Dataset extract Start Marker

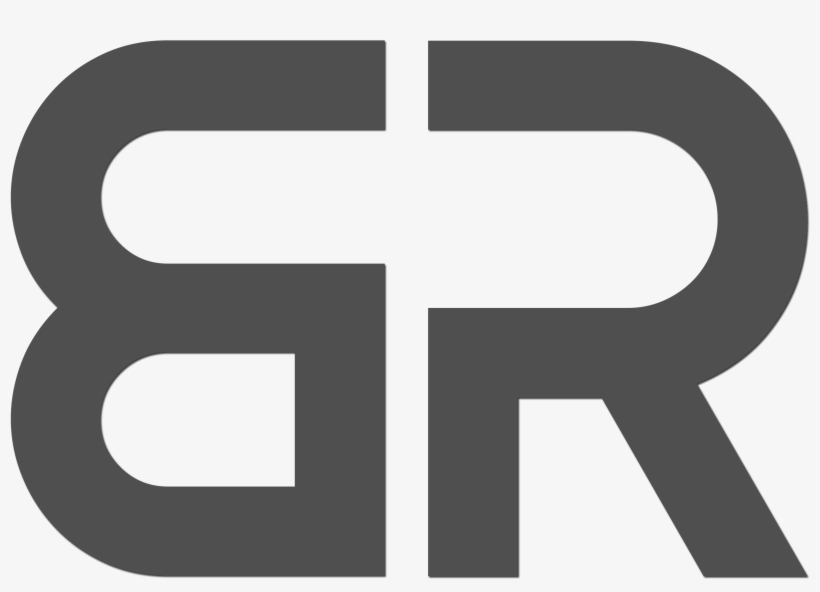 Sign, transparent png download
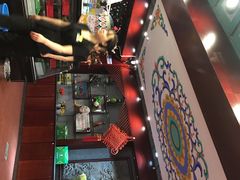 -阿西娅食府(中关村店)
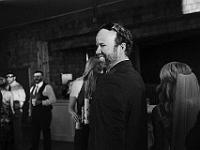 2024-10- October-Casi-Wedding (624)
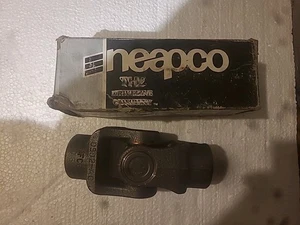 Conjunto de yugo doble NEAPCO L65A5A - Imagen 1 de 5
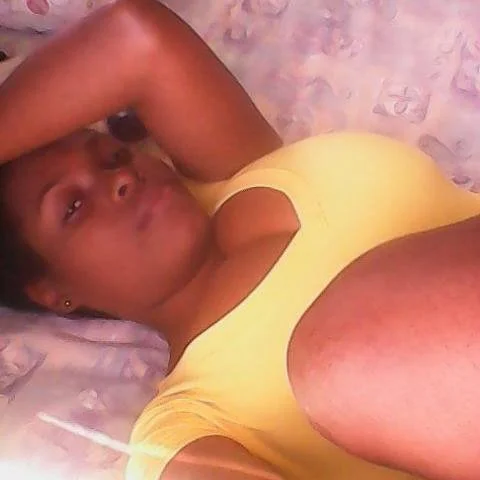 Big tits chick webfind image 20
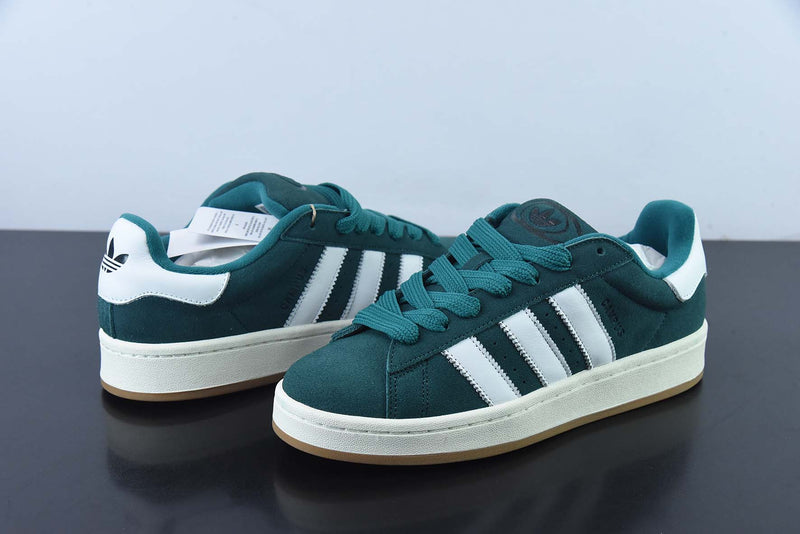 Adidas Campus 00s Low "Forest Glade"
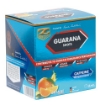 Imagen de GUARANA SHOT 1800MG - 20X25ML Z-KONZEPT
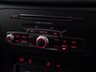 USED 2019 19 AUDI Q3 2.0 TDI Black Edition SUV 5dr Diesel Manual Euro 6 (s/s) (150 ps) SAT NAV-BOSE SOUND-19" ALLOYS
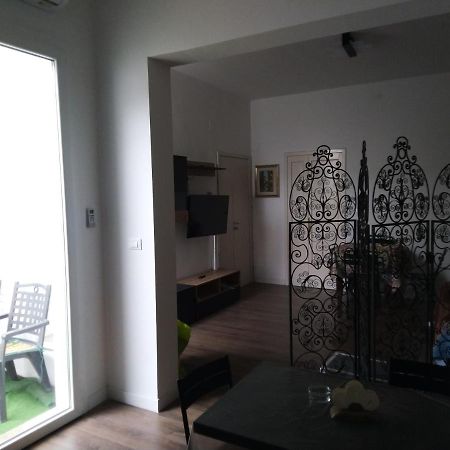Salentino Bed & Breakfast Lequile Exterior photo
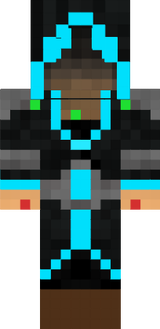 skinebaldu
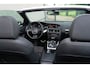 Audi A5 Cabriolet 1.8 TFSI / S-line/ Stoelverwarming/ Audi Sound/ 19 Inch Velgen/
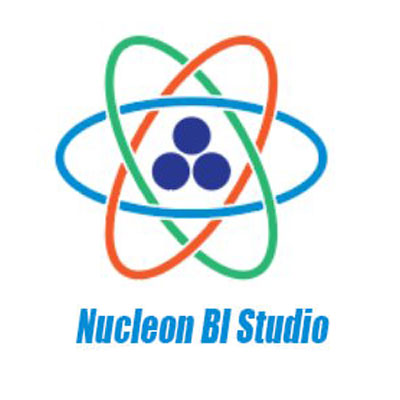 دانلود نرم افزار Nucleon BI Studio v10.8.199.0419 – win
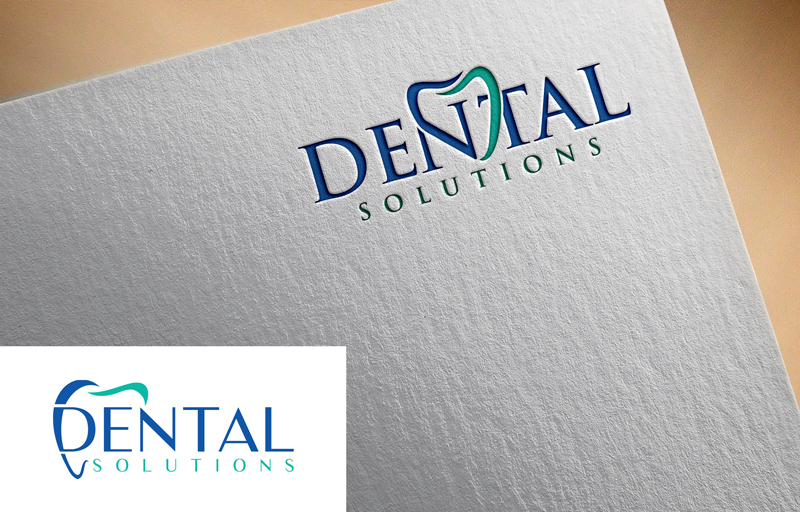 Logo-Design von Roxy Art für dieses Projekt | Design #36407266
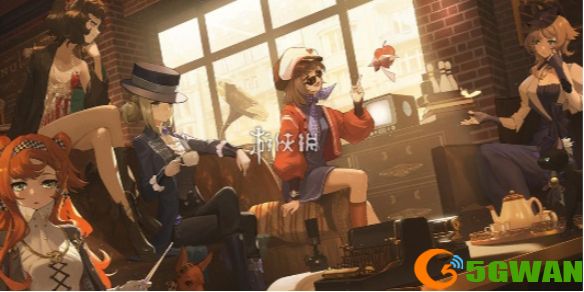 游侠网1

Dataset extract End Marker

* Your goal:
Write out nothing but the lines from the start of the data through the line with "USED 2019 19". Leave out the pictures.

* Solution for this exercise:
 Sign, transparent png download
 -阿西娅食府(中关村店)
 2024-10- October-Casi-Wedding (624)
 Conjunto de yugo doble NEAPCO L65A5A - Imagen 1 de 5
 Big tits chick webfind image 20
 Adidas Campus 00s Low "Forest Glade"
 Imagen de GUARANA SHOT 1800MG - 20X25ML Z-KONZEPT
 USED 2019 19 AUDI Q3 2.0 TDI Black Edition SUV 5dr Diesel Manual Euro 6 (s/s) (150 ps) SAT NAV-BOSE SOUND-19" ALLOYS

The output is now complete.